The Las Vegas Planning Commission approved the project in January and he hopes to break ground in early 2024.
Raanan said the idea first came to him when he moved into Allure – located at 200 W. Sahara Avenue – and went for a bike ride one day.
“I knew this area was primed for something big,” said Raanan. “This used to be the place people loved in the ‘50s, you would have the showgirls tanning outside naked, which is where the name comes from originally.”
Michael Green, an associate professor of history at the University of Nevada, Las Vegas, said the origin of the neighborhood’s name is up for debate.
“There’s a question of how it got its name,” he said. “Because it consisted of a lot of apartment complexes and the story is a lot of employees from the Strip lived there because it was close and allegedly showgirls would lounge naked outside to work on their tans and there’s been a lot of back and forth if they really were. And of course there was a show called Naked City and the reference was it was the type of area that, if not blighted, was at least raunchy and wild.”
Over the years, Green said, “I think it’s safe to say that the area declined socio-economically” but now could be ripe for a rebound as the developers hope.
The Philly at 215 (it’s street address will be 215 W. Philadelphia Avenue) will have 87 units, with 81 of them being studios and six being one bedrooms. The kicker is there will be only 46 parking stalls, and Raanan said part of the idea is to target a new generation of Strip workers who want to live close to their places of employment.
Glenn Plantone, the owner of VIP Realty Group and the manager of Nevada New Builds who is overseeing the The Philly at 215, said they were able to convince the city to drastically reduce the number of parking spots usually allocated for such a project.
“We realized the niche of this market is that most people don’t have cars or need cars,” he said. “About 50 percent of the prospective occupants are working on the Strip, at Strip hotels, they can Uber, they can walk, they can bicycle.”
Councilwoman Olivia Diaz, whose ward includes Naked City and the project site, said she has seen growth and redevelopment all over her jurisdiction — which loosely covers downtown and the east valley — since she took office in June 2019.
Diaz said new businesses are opening within the Charleston neighborhood as well as in the government and Arts District, including Civic Plaza, Las Vegas Boulevard public works project and the recently reopened East Las Vegas Community Center.
Centrally located areas of Las Vegas have seen several new pockets of projects in recent years, which includes such redevelopments as Symphony Park, which is set to break ground on the first residential high rise project in Las Vegas in years.
Diaz said a whole host of projects are slated for 2023 in her area. She noted the city has acquired the operating contract for the Desert Pines Golf Course and will be redeveloping the land into a mixed-use development, along with the Civic Center Building and Plaza Project, which broke ground earlier this year.
All of this could amount to a potential redevelopment boom for areas including Naked City, said Raanan and Plantone.
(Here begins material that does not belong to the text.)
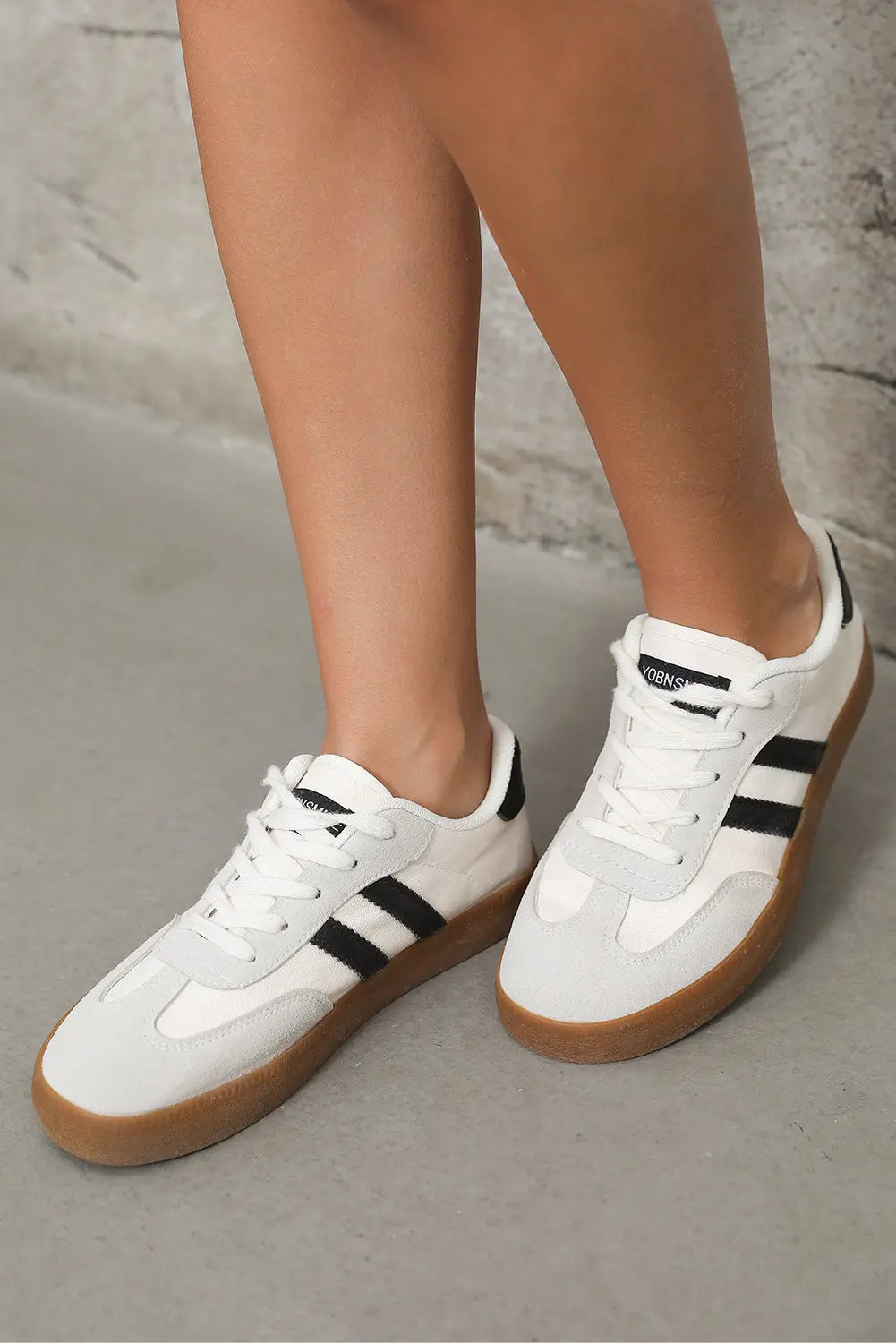 White Striped Lace-up Flat Sneakers Dear-Lover Dropshipping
Plantone, who hopes to have the development finished by sometime in late 2024, said the redevelopments going on all over the larger core are changing the feel of the area for what he hopes is the better.
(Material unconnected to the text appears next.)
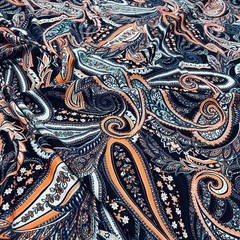 Blue and Orange Paisley Print Stretch Fabric 60″wide Swimsuit Spandex By Yard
“The Strip has always kind of ended at Sahara, and then you had the Strat, but after that it was kind of a decrepit area, an industrial and just a bad area that was built in the ‘50s,” he said. “And then you go two miles and you’ve got downtown, but in the middle is all old and beat up, and now the Arts District is going in and getting bigger and bigger every day along with this area, so there is an opportunity here for sure.”